**Problem statement:** Begin the copy at the line that contains "an older man", end it at the last line of the entries below, keep every word exact, and include no pictures.

**Information:**
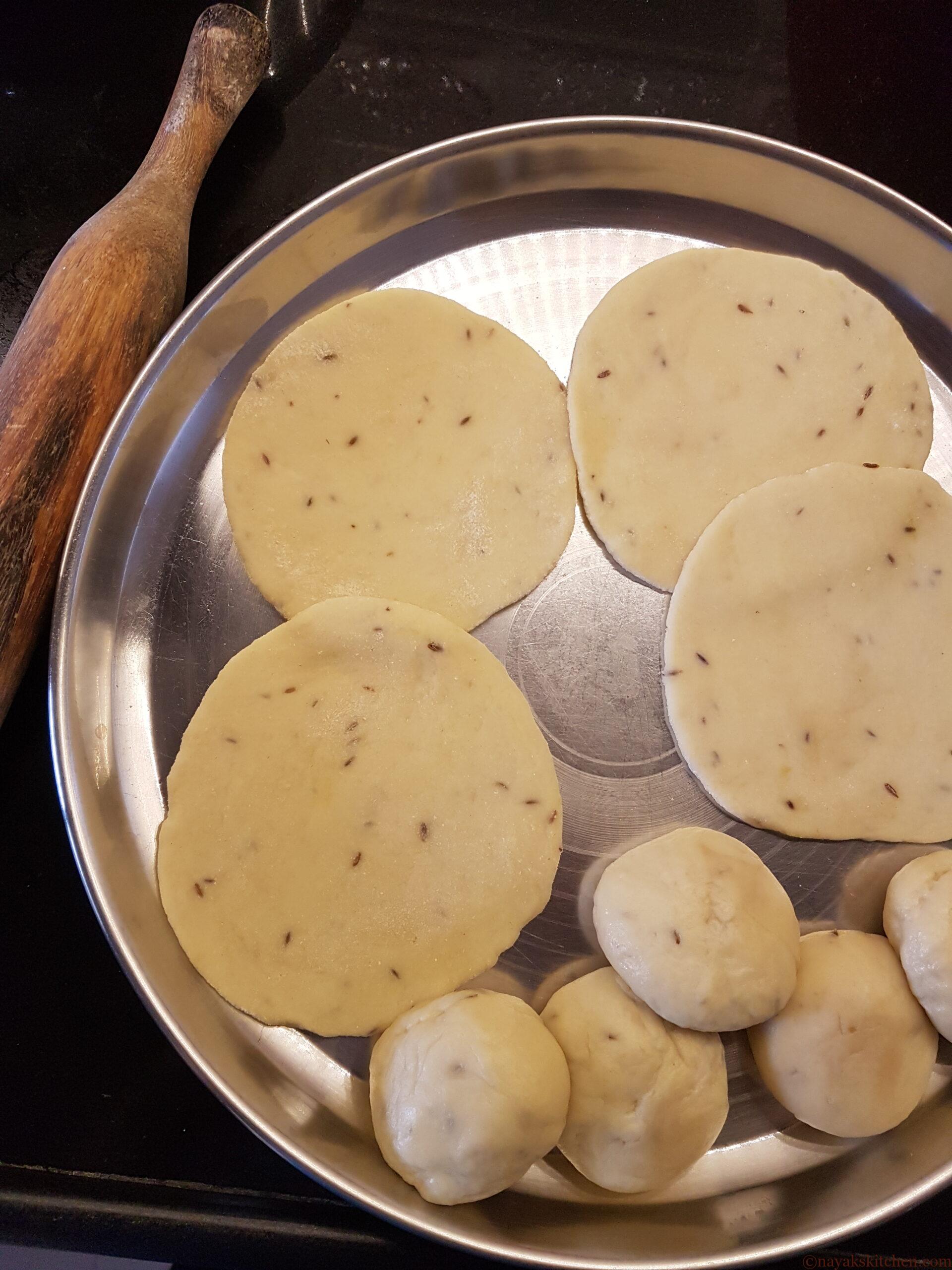 Rolling buns into puri shape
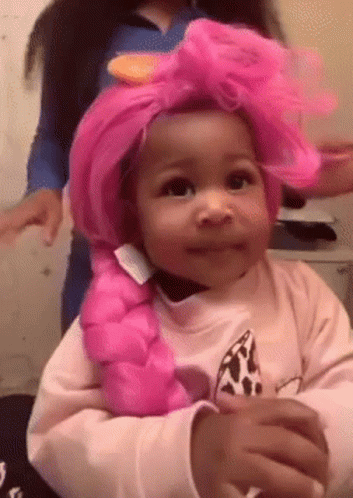 A Little Girl Wearing A Pink Wig And A Pink Braid . GIF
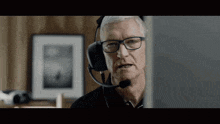 an older man wearing glasses and a headset looks at a computer screen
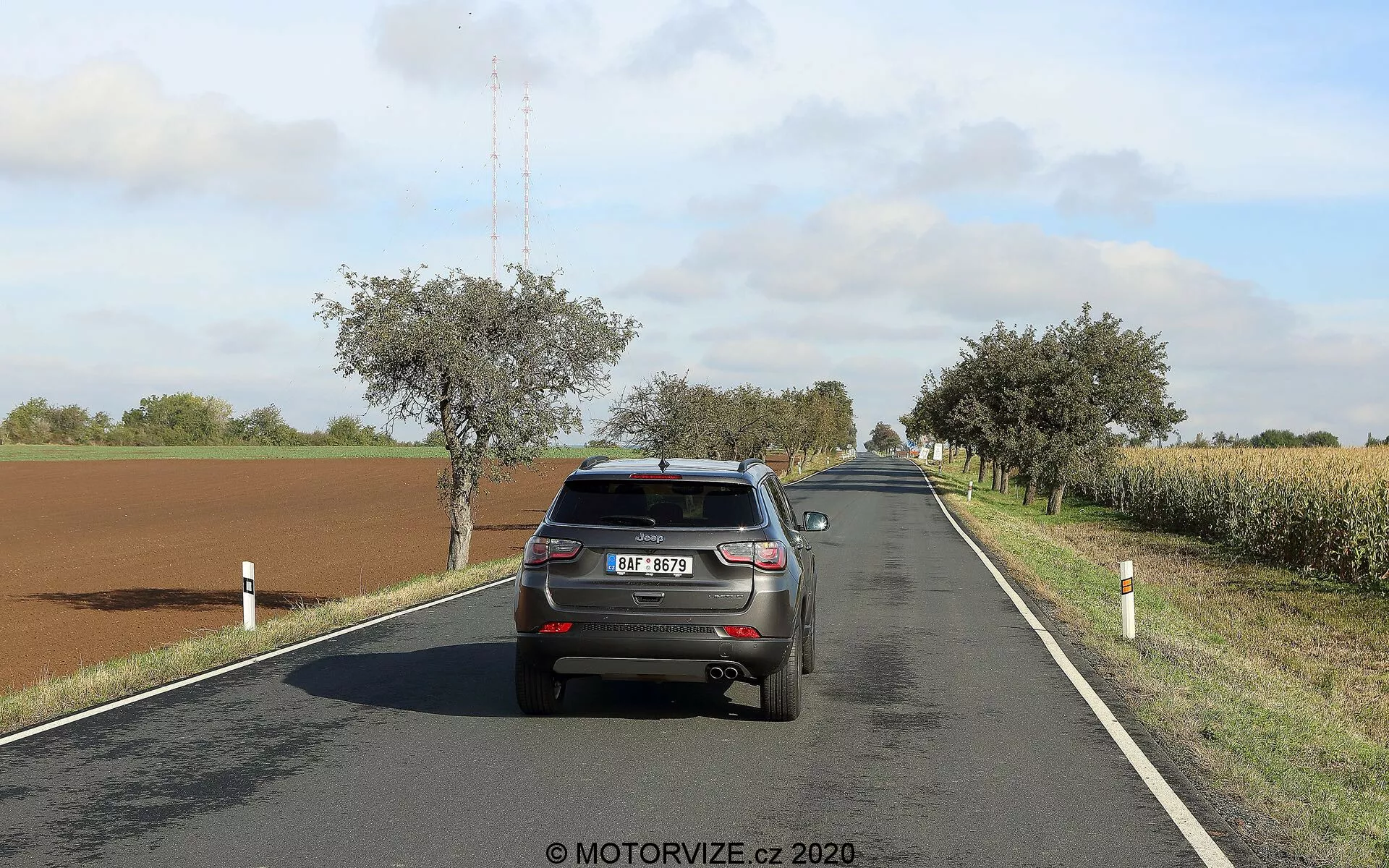 Slika prikazuje zadnji del Jeep Compass 2017, ki vozi po dvopasovnici podeželski cesti na sončen dan z razpršenimi oblaki. Vozilo, ki je nameščeno na desni strani pasu, prikazuje svoja zadnja vrata, odbijač, zadnje luči, zadnje vetrobransko steklo, registrsko tablico, del strehe s anteno v obliki plavuti morskega psa in zgornji del zadnjih pnevmatik. Avto zaseda pomemben del okvirja, kar omogoča jasno prikaz njegovih lastnosti. Cesta se v daljavi nežno zavija v desno, obdana s polji, drevesi in cestnimi drogovi. Zavorevne luči avtomobila niso prižgane, kar nakazuje na normalno vožnjo.
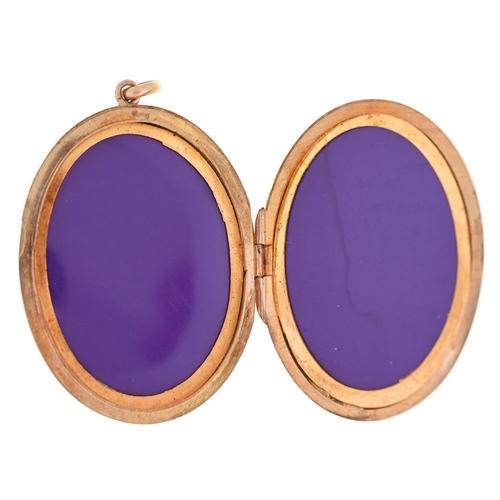 22 - A 9ct gold locket, engraved with leafy scrolls, 5.4cm, Birmingham 1974, 12g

**Solution below:**
 an older man wearing glasses and a headset looks at a computer screen
 Slika prikazuje zadnji del Jeep Compass 2017, ki vozi po dvopasovnici podeželski cesti na sončen dan z razpršenimi oblaki. Vozilo, ki je nameščeno na desni strani pasu, prikazuje svoja zadnja vrata, odbijač, zadnje luči, zadnje vetrobransko steklo, registrsko tablico, del strehe s anteno v obliki plavuti morskega psa in zgornji del zadnjih pnevmatik. Avto zaseda pomemben del okvirja, kar omogoča jasno prikaz njegovih lastnosti. Cesta se v daljavi nežno zavija v desno, obdana s polji, drevesi in cestnimi drogovi. Zavorevne luči avtomobila niso prižgane, kar nakazuje na normalno vožnjo.
 22 - A 9ct gold locket, engraved with leafy scrolls, 5.4cm, Birmingham 1974, 12g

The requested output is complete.